For this task, output every entry below exactly and omit the pictures.

━━━━━━━━━━━━━━━━━━━━━━━━━━━━━━

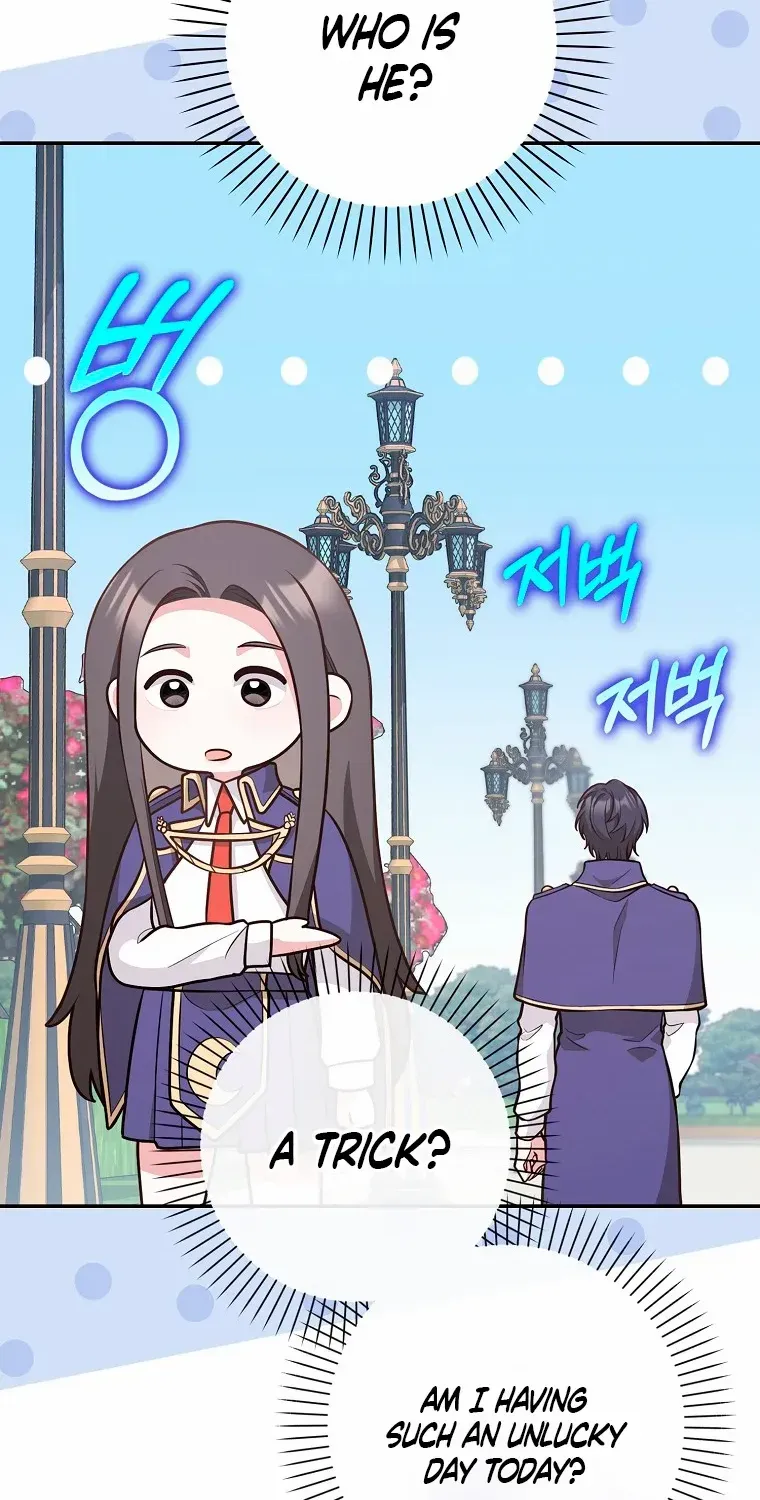 Read Friends Shouldn’t Act This Way chapter 22 image 70 on Lezhin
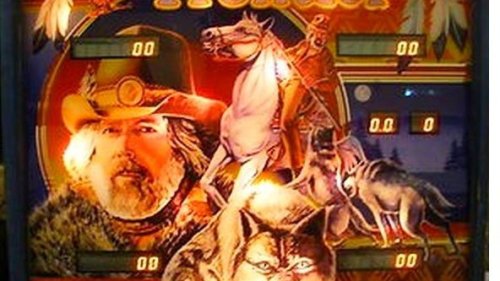 frontier.jpg backglass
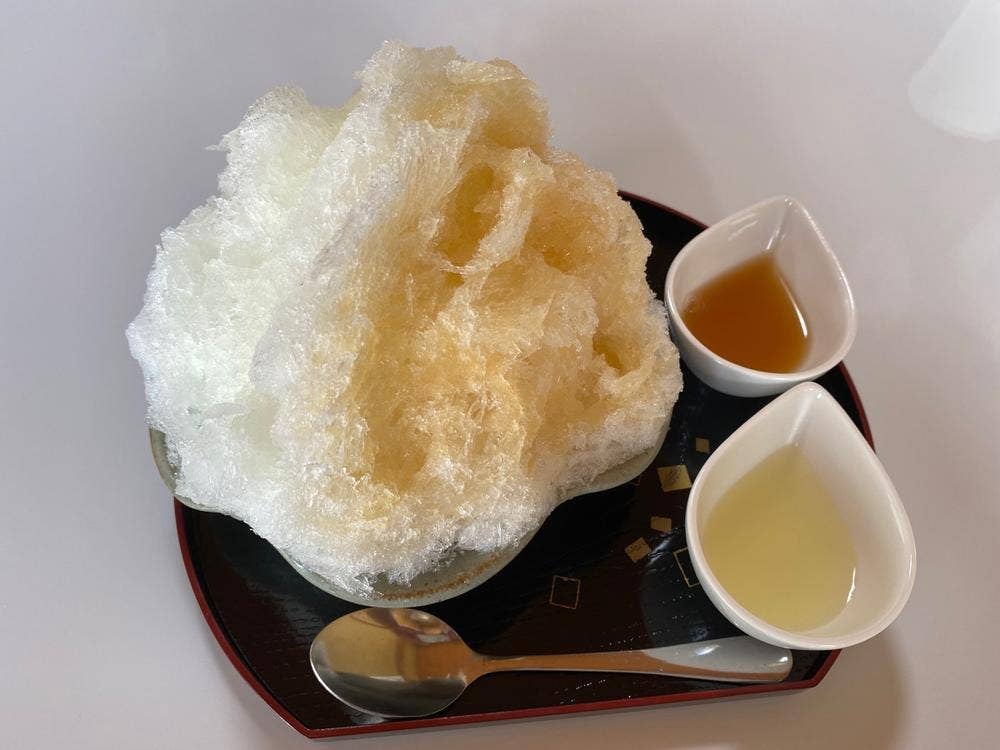 ジャックと豆の木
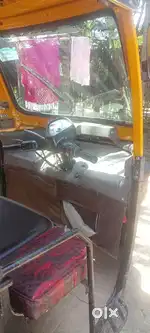 Shoroom condition new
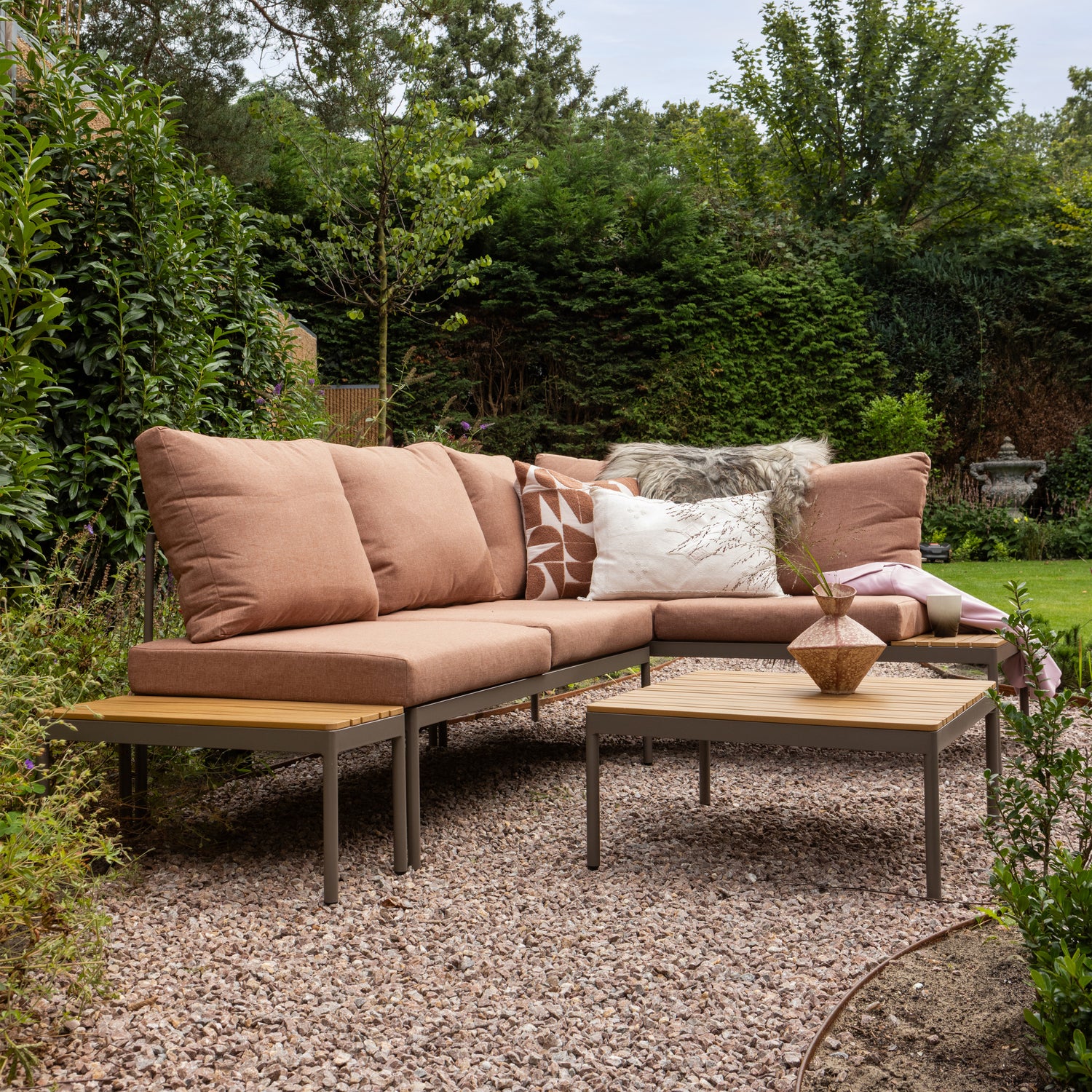 377712-R_02_SF_WO_Zaro_tuin_modulaire_loungeset_metaal_polywood_roze_vierkant.jpg?auto=webp&format=png&width=1500&height=1500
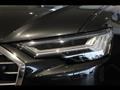 AUDI A6 AVANT 40 TDI S-TRONIC BUSINESS SPORT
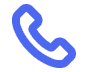 phone-icon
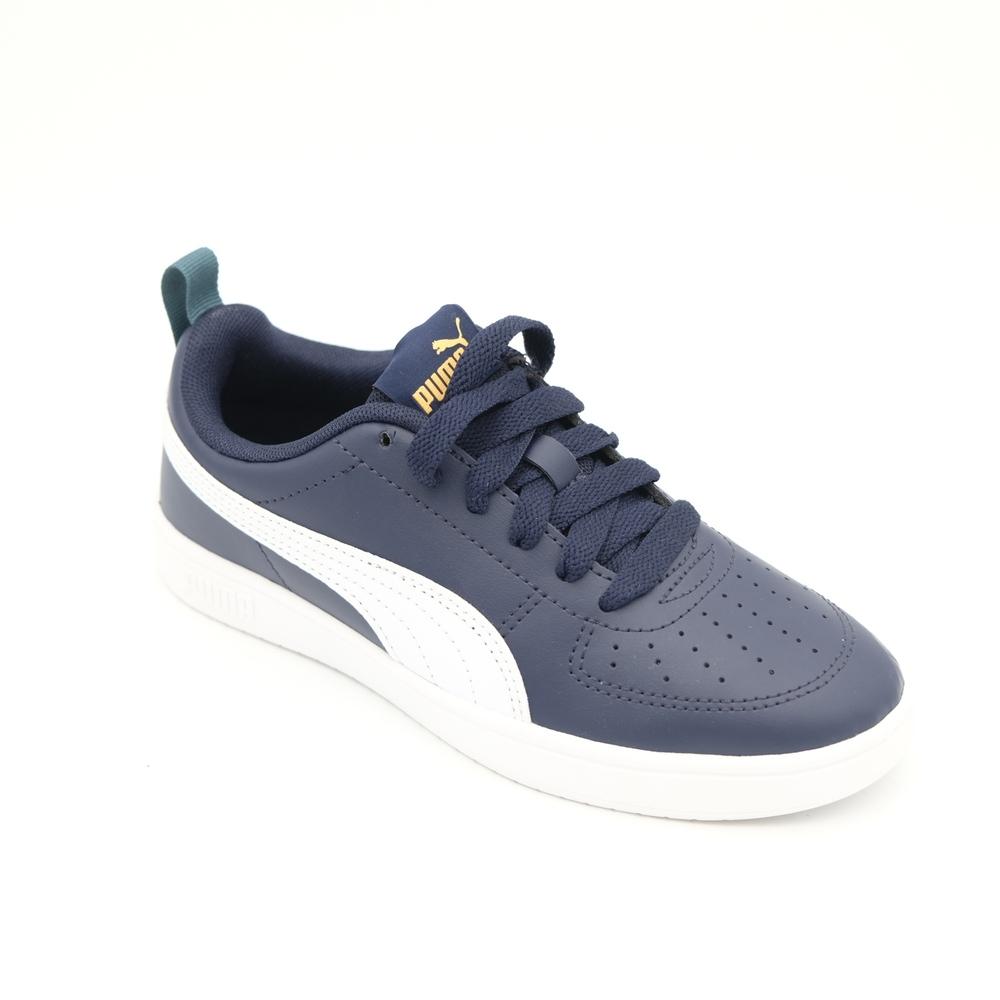 02433_106|0c1e2f361941c8eed81e4aafc6fad54d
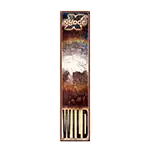 Blood Diamond - xNudge WIld Symbol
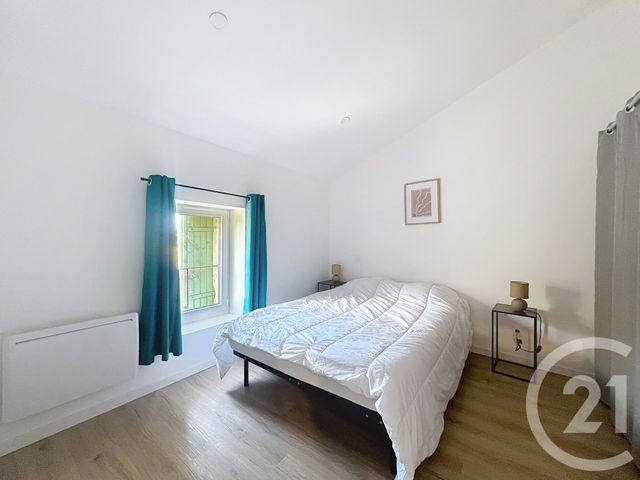 Appartement T2 à louer - 2 pièces - 47.82 m2 - ASTAFFORT - 47 - AQUITAINE - Century 21 Bastien Gonzalez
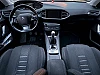 Peugeot 308 Peugeot 308 1.6 E-HDI 115 cv thumbnail
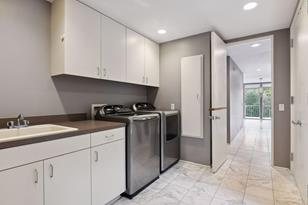 430 Peavey Ln - Photo 15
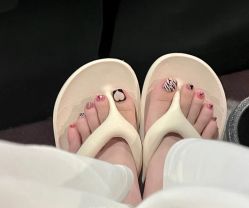 -1T·1M 日式美甲美睫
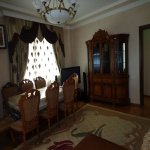 Satılır 3 otaqlı Yeni Tikili, Nərimanov rayonu 2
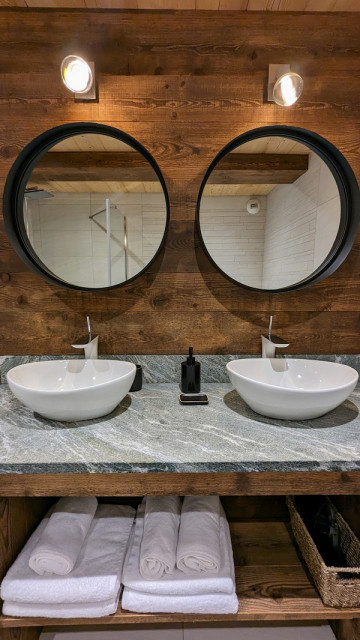 gentiane-sdb3web-3021985 gentiane-sdb3web-3021985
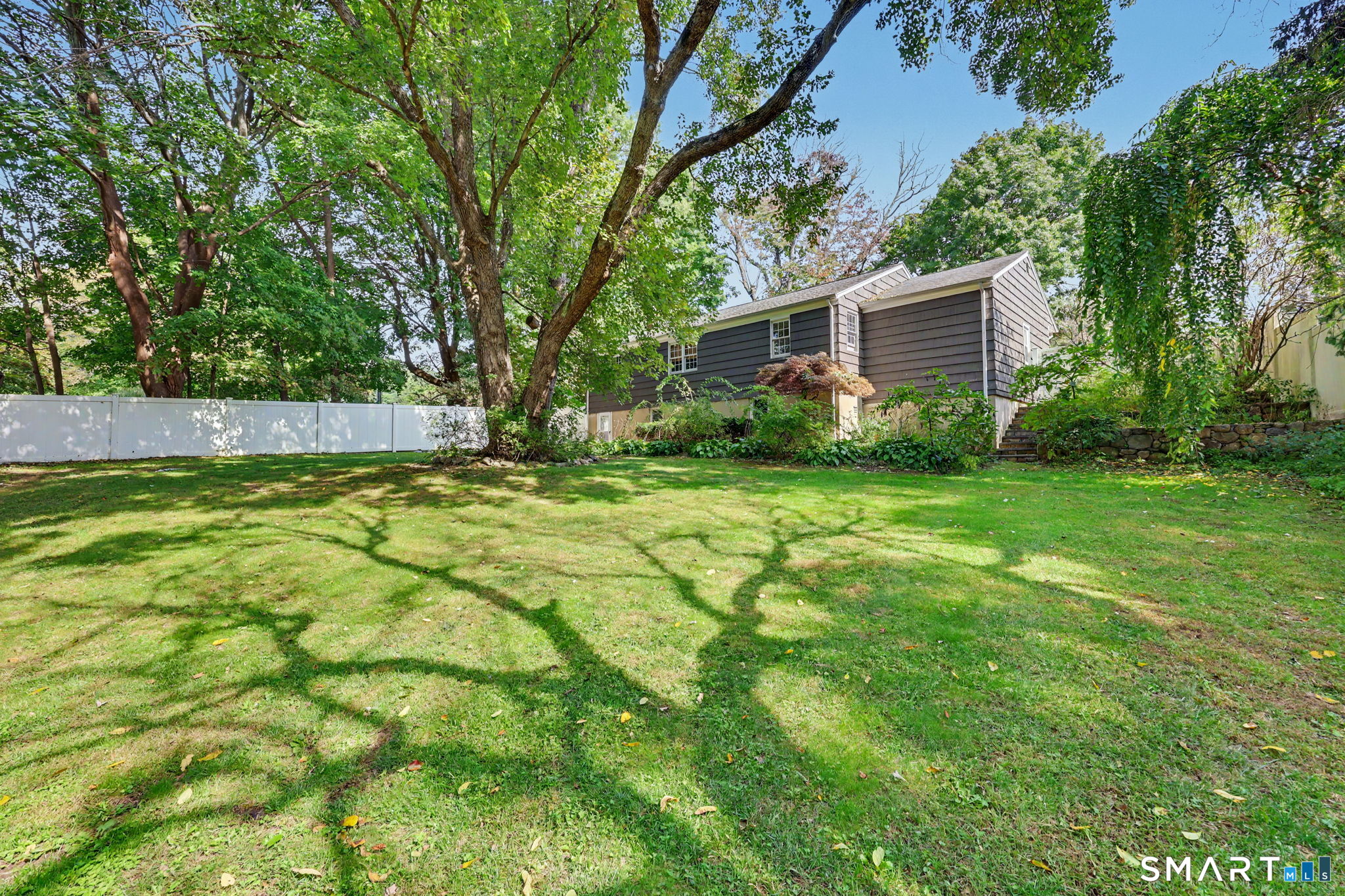 508 North Street Milford CT 06461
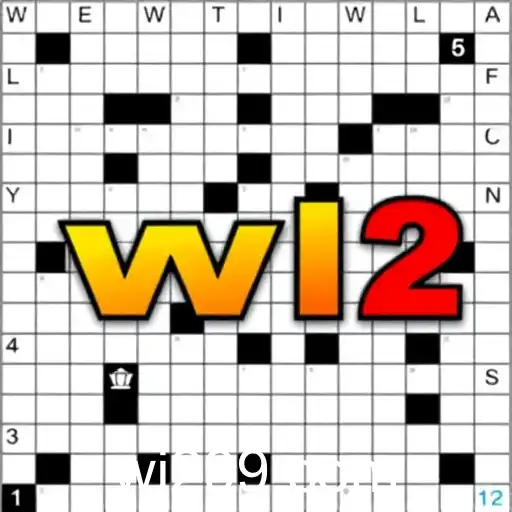 Evolving Landscape of Gaming Portals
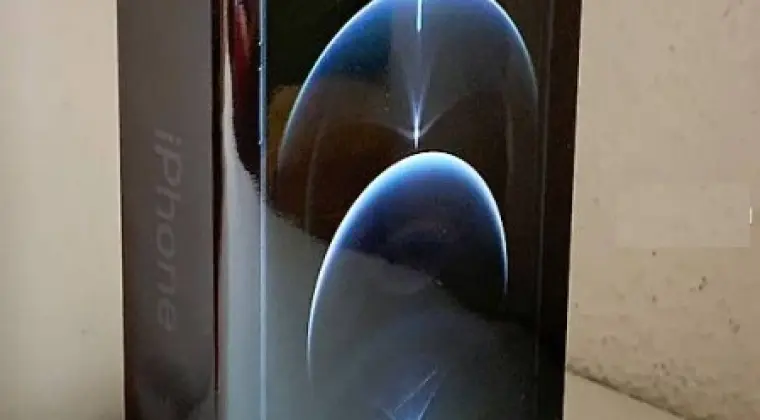 Nowy Apple iPhone 12 Pro Max iPhone 12 Pro iPhone 12 iPhone 12 mini, S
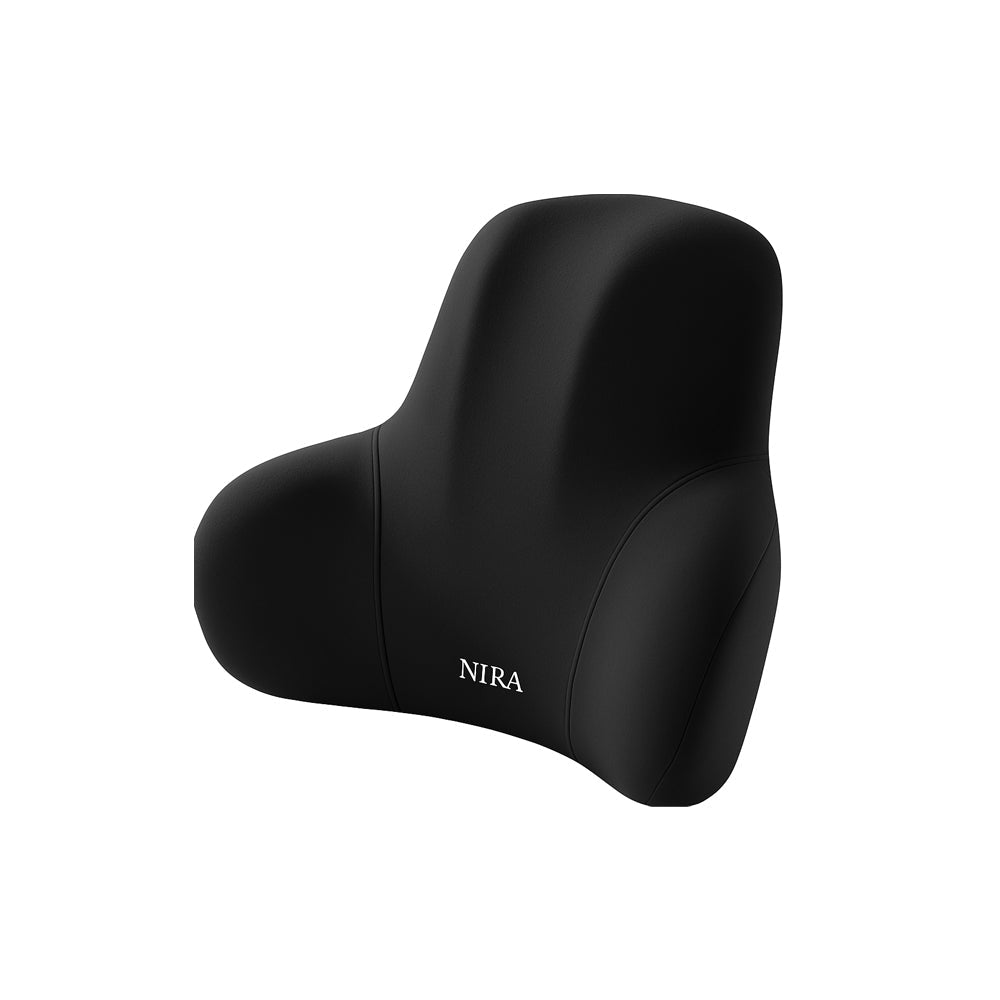 Ergonomic Lumbar Support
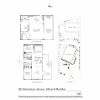 28 Dickinson Grove, Mount Martha, Vic 3934-Floorplan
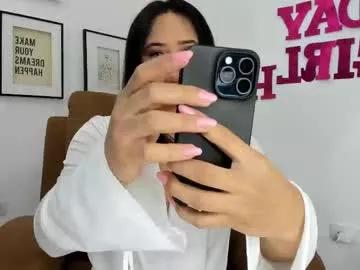 catalinaofficer on Chaturbate 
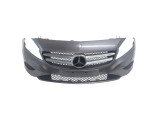 Pare choc avant pour MERCEDES CLASSE A 176 PHASE 1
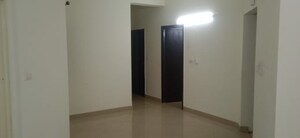  2.5 BHK Apartment at Ramprastha Awho, Sector 95 – for Sale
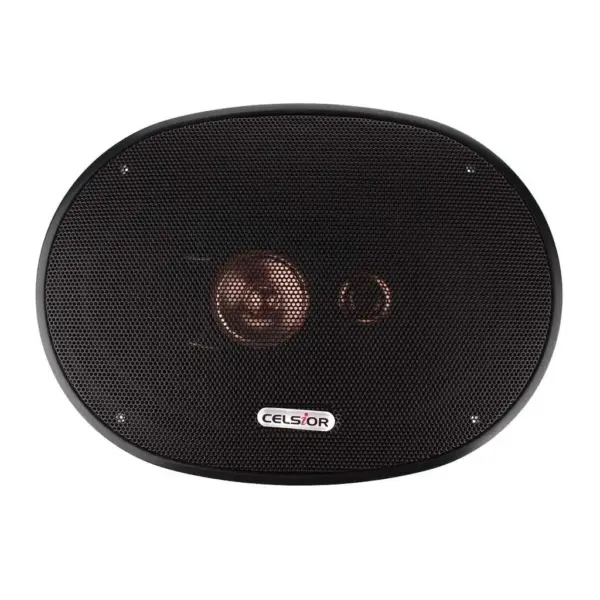 thumb_211.jpg Автоакустика Celsior CS-693C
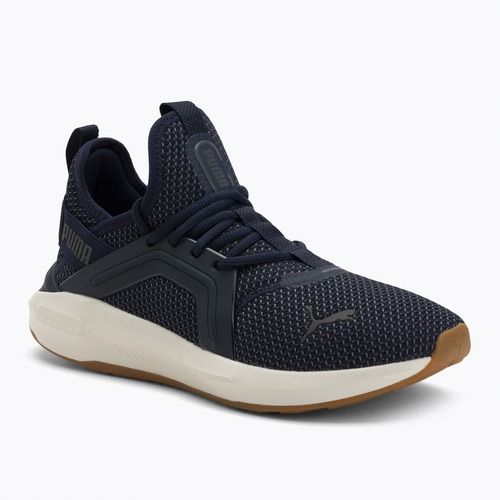 Bėgimo batai PUMA Softride Enzo 5 Lyfe puma navy/warm white/cool dark gray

━━━━━━━━━━━━━━━━━━━━━━━━━━━━━━

• _TASK OUTPUT_
 Read Friends Shouldn’t Act This Way chapter 22 image 70 on Lezhin
 frontier.jpg backglass
 ジャックと豆の木
 Shoroom condition new
 377712-R_02_SF_WO_Zaro_tuin_modulaire_loungeset_metaal_polywood_roze_vierkant.jpg?auto=webp&format=png&width=1500&height=1500
 AUDI A6 AVANT 40 TDI S-TRONIC BUSINESS SPORT
 phone-icon
 02433_106|0c1e2f361941c8eed81e4aafc6fad54d
 Blood Diamond - xNudge WIld Symbol
 Appartement T2 à louer - 2 pièces - 47.82 m2 - ASTAFFORT - 47 - AQUITAINE - Century 21 Bastien Gonzalez
 Peugeot 308 Peugeot 308 1.6 E-HDI 115 cv thumbnail
 430 Peavey Ln - Photo 15
 -1T·1M 日式美甲美睫
 Satılır 3 otaqlı Yeni Tikili, Nərimanov rayonu 2
 gentiane-sdb3web-3021985 gentiane-sdb3web-3021985
 508 North Street Milford CT 06461
 Evolving Landscape of Gaming Portals
 Nowy Apple iPhone 12 Pro Max iPhone 12 Pro iPhone 12 iPhone 12 mini, S
 Ergonomic Lumbar Support
 28 Dickinson Grove, Mount Martha, Vic 3934-Floorplan
 catalinaofficer on Chaturbate 
 Pare choc avant pour MERCEDES CLASSE A 176 PHASE 1
  2.5 BHK Apartment at Ramprastha Awho, Sector 95 – for Sale
 thumb_211.jpg Автоакустика Celsior CS-693C
 Bėgimo batai PUMA Softride Enzo 5 Lyfe puma navy/warm white/cool dark gray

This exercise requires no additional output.